Since the fourth quarter of the previous century, production of synthetic fibers has surpassed natural fibers in the textile sector. Among the other synthetic materials used in the textile and clothing fields, polyacrylonitrile (PAN) fibers exist in 3rd place after polyester and polyamide in market share [1]. Due to their relatively low cost, a wide range of PAN products are utilized in different fields, viz., water purification and antimicrobial products. PAN fabrics merge some desirable features such as chemical tolerance, outstanding elasticity, and aesthetical properties [2]. Moreover, PAN has good resistance to chemicals and corrosive materials, and can retain its tensile strength on repeated use. These properties would allow PAN fibres to replace polyester fibres in some applications [3]. However, most of the synthetic fibres, like PAN fibres, have the disadvantages of being easily caught by fire, having low moisture regain, and being susceptible to accumulation of electrostatic charges [4]. Accordingly, extensive research work has been directed towards improving the performance, comfort, and appearance attributes of man-made fibres [5, 6, 7, 8].

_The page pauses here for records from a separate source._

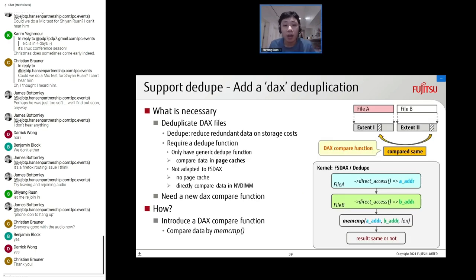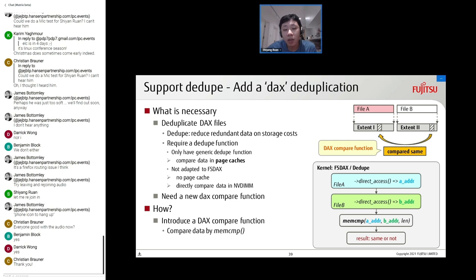Beside copy-on-write, the dedupe mechanism also needs to be adapted for FSDAX. It is used to reduce redundant data storage costs. The core function compares a range of data byte-by-byte between two files to check if they are the same. There is a generic compare function for normal files using page cache, but FSDAX has no page cache. So we need a DAX-specific compare function that accesses NVDIMM directly: call direct access on both files to get their NVDIMM addresses, then call memory compare to get the result. If the data is the same, the range can be deduped to share the same extents.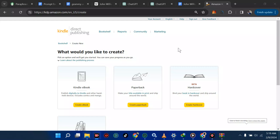Welcome back to my YouTube channel. In this tutorial I'll be teaching you how to upload your Kindle ebook and your paperback on the Amazon KDP website. At the end of this video I'll be giving access to a Canva Pro so that you can make more beautiful designs or book covers.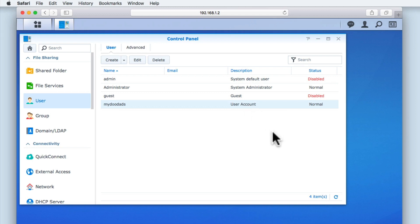So to recap, in this video we took a look at how you can create a standard user account via the User Creation Wizard. In the next video in this series, we are going to take a look at how we created Network Shared Folders for our Synology NAS.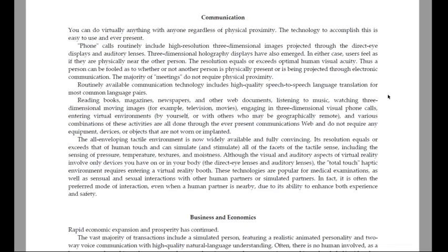The all-enveloping tactile environment is now widely available and fully convincing. Its resolution equals or exceeds that of human touch and can simulate and stimulate all of the facets of the tactile senses, including the sensing of pressure, temperature, textures and moistness. Although the visual and auditory aspects of virtual reality involve only devices you have on or in your body — the direct-eye lenses and auditory lenses — the total touch haptic environment requires entering a virtual reality booth. These technologies are popular for medical examinations as well as social and sexual interactions with other human partners or simulated partners.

Improving the moisture regain of PAN fabrics was the subject of many investigations. Yang et al. used L-cysteine as a coupling agent for covalent bonding of casein or collagen into PAN fibres [9]. The treated fibres exhibited better hygroscopic and mechanical properties. The same goals have been achieved by other methods, including bio-treatment of PAN fibres with nitrile hydratase enzyme [10], grafting with synthetic [11] and natural polymers [12].

Many auxiliaries are used in textile wet processes, which are prepared from textile by-products and waste. Utilization of the by-products produced during processing of textile materials is of prime importance from the technical, ecological, and economic points of views [13, 14, 15]. Lanolin is a greasy material prepared by the purification of wool wax, which is usually extracted from the scouring effluent of raw wool fleece [16]. The discharge of wool wax into the drainage water leads to environmental problems coupled with a loss of possible profits. Within the last few years, purified wool wax has been proposed as a suitable candidate for some textile applications, including hydrophobizer for viscose fabrics [17], binder in pigment printing of cellulosic and synthetic fibres [18], and softener for wool fabric [19].

Wool wax is the greasy secretion of the sebaceous glands of sheep that coats the wool fibers. It has a complex structure in which esters of fatty acids and long-chain aliphatic alcohols or sterols, are the major constituents. Additionally, few fatty acids exist in their free form. Metal salts of fatty acids were detected in wool wax, and the calcium soaps are particularly important [20].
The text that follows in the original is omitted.